In fact, after 400 documented assassinations of opponents by regime “diplomats” and surrogates on western soil, the Iranian people wittingly refer to the regime’s so-called representatives in foreign countries as “diplomat-terrorists.” Indeed, Hassan Rouhani’s nominee for UN ambassador was denied entry in the U.S. for his role in the 1993 assassination of Mohammad Hossein Naghdi, the representative in Italy of the National Council of Resistance of Iran.

It is a bitter irony that while Khamenei and the clerical regime slam the United States as the “Great Satan,” their genteel emissaries in foreign lands graciously pen articles – in English – in the popular press, and courteously advise members of Congress of the “Great Satan” to please view Iran differently: Tehran does not hang women, it does not export terrorism, and it despises nuclear weapons; it is peaceful, truthful, colorful, soulful.

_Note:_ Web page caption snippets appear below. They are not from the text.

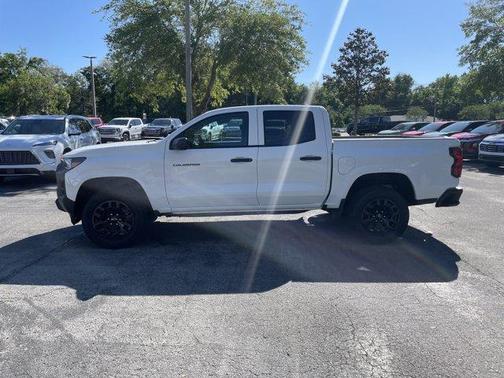 Summit White 2026 Chevrolet Colorado WT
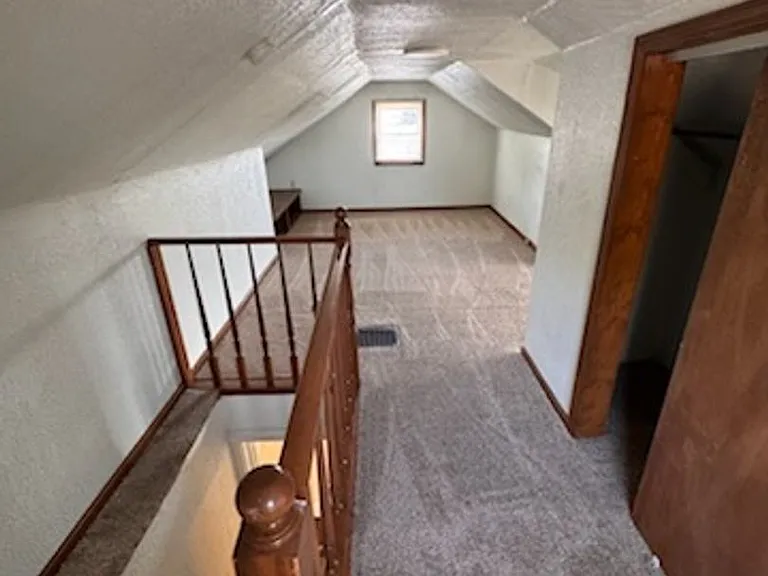 833 Lawrence Ave — Photo 14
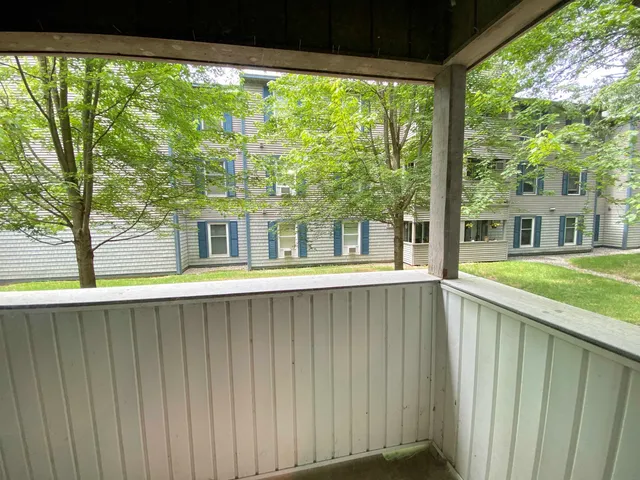 $1,842 | 145 Eastern Avenue, Unit 102, Manchester, NH 03104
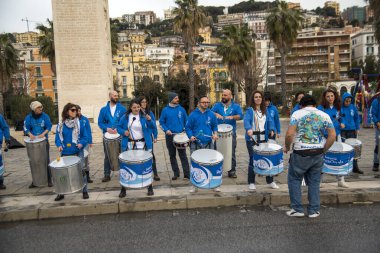Napoli yarı maraton, 25 Şubat 2025, Caracciolo limanında koşucular.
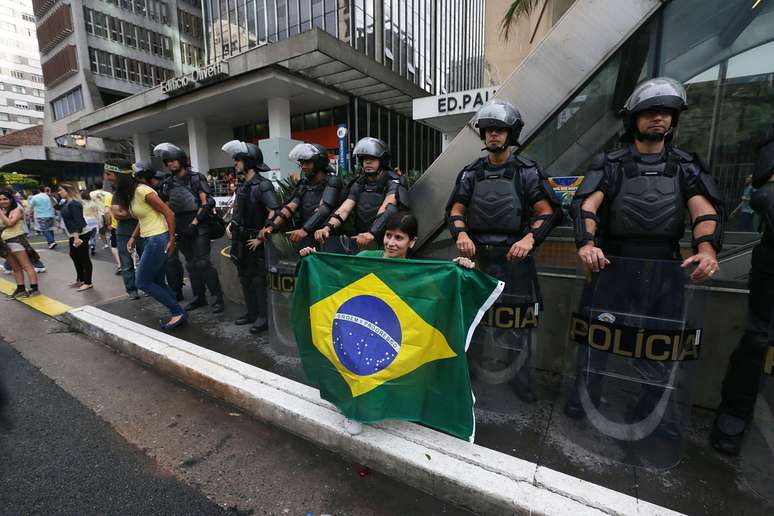 <b>São Paulo - </b> Manifestantes posaram ao lado da Polícia Militar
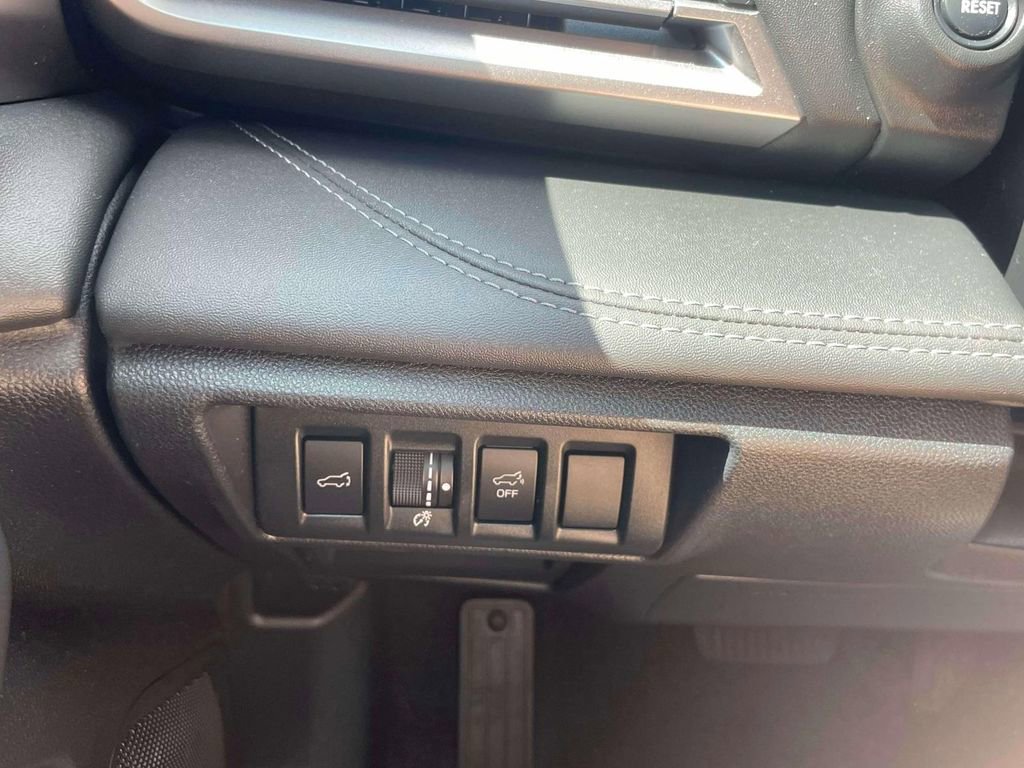 Used 2020 Subaru Outback Limited image 21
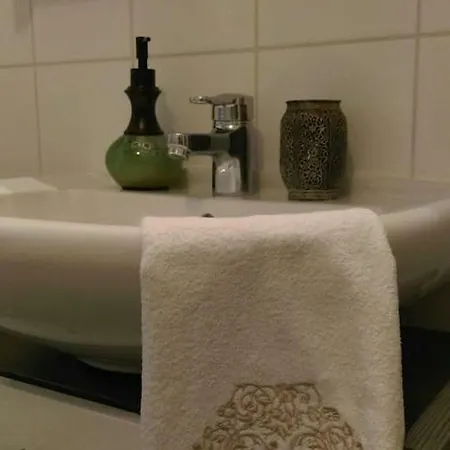 Large Cosy Downtown Flat In City Centre Апартаменты *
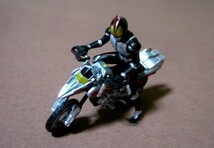 ◆バンダイガシャ・ライダーマシンクロニクル[オートバジンwith仮面ライダーファイズ] 2003年発売 開封_画像1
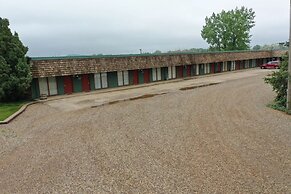 North Winds Lodge LLC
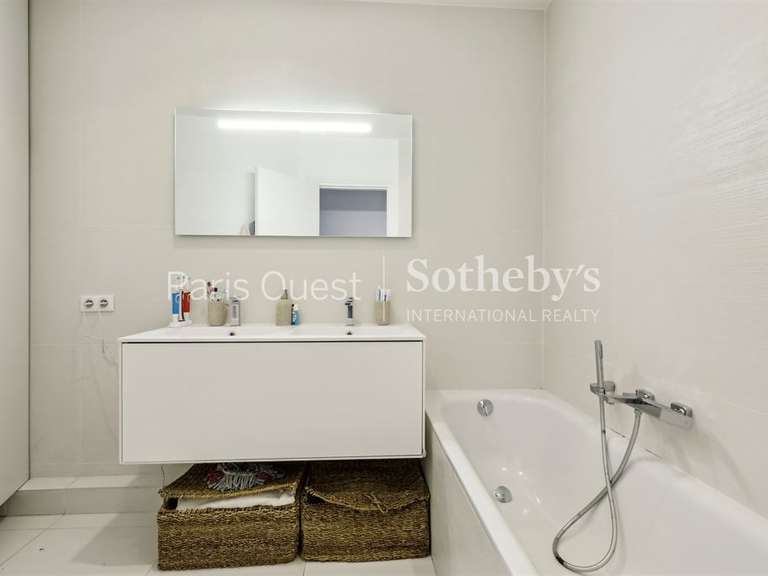 Apartment Neuilly-sur-Seine - 4 bedrooms - 200m²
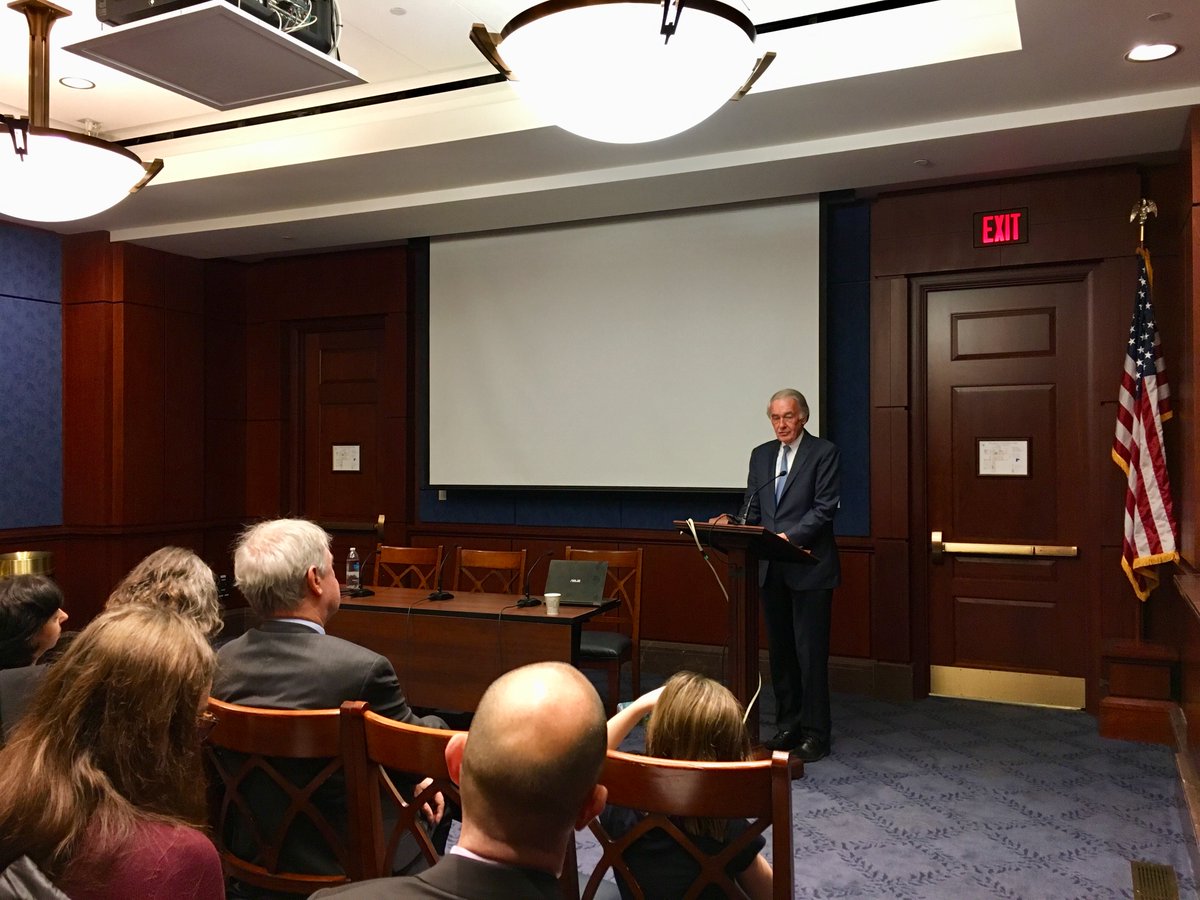 SRHRforAll's tweet photo. “We hear you. We see you. We love you.” For #HumanRightsDay, @SenMarkey introduces the #GLOBEact, to strengthen US commitment to advancing and protecting #LGBTI human rights around the globe. Learn more here: https://t.co/DKdGgzdma5 https://t.co/nz9pcFimUp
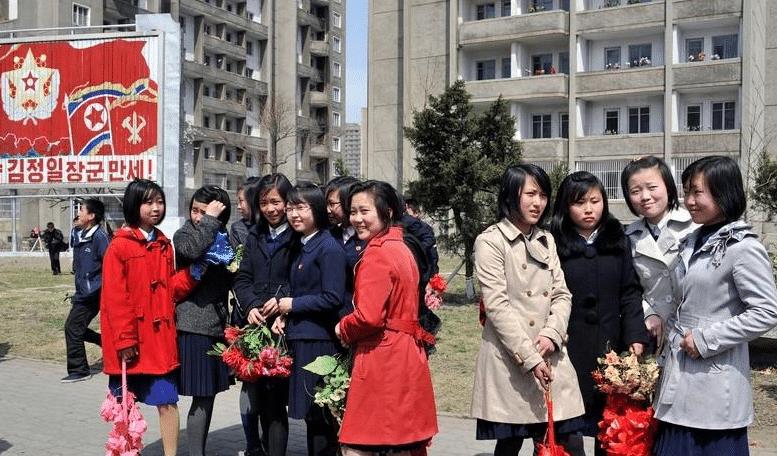 朝鲜全国2500多万人,免费住房,解决了多少夫妻的困难?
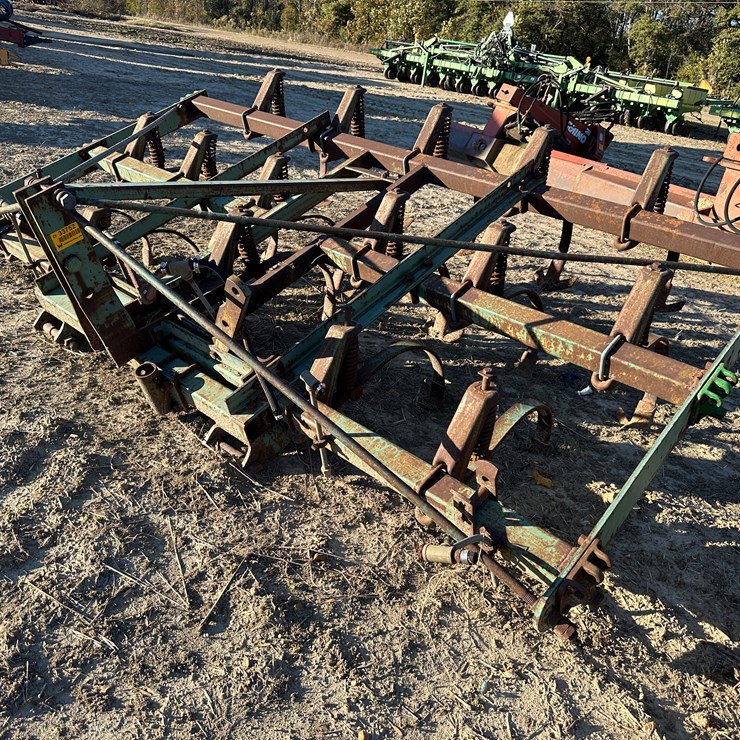 #33752 • 4.5' Chisel Plow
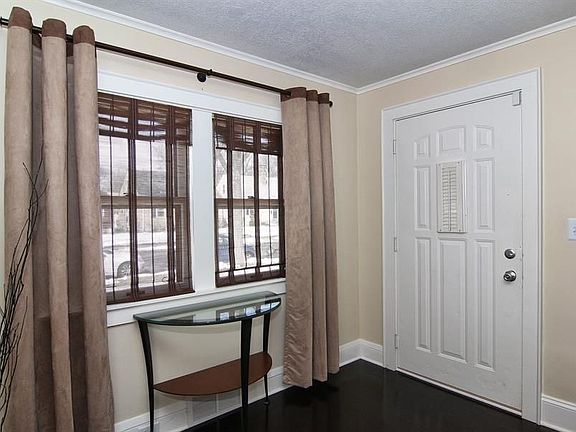 3rd image of 5725 26th Ave S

The author of that article is, in fact, paid to lie. No one should be envious of his job, which is to put lipstick on a murderous pig. Shamelessly, he acts as the bona fide spokesperson of the Iranian people as if the world is blind. In reality, he represents a regime that has executed at least 1,200 people over the past year – unprecedented figures in 25 years. Iran is the world’s number one executioner on a per capita basis and it is one of a handful of executioners of juveniles.

The regime’s treatment of women has been a hallmark of its medievalist and abhorrent nature. As recently as October, it executed a 26-year-old woman for defending herself against an intelligence agent trying to sexually assault her and last month its thugs splashed acid on the faces of two dozen women in Isfahan, central Iran.

Abroad, it is universally-recognized that the mullahs are involved in brazen mischief-making in Lebanon, Iraq, Syria and Yemen. How can the author act any differently with regards to the Iranian opposition, which is viewed as an existential threat by his bosses?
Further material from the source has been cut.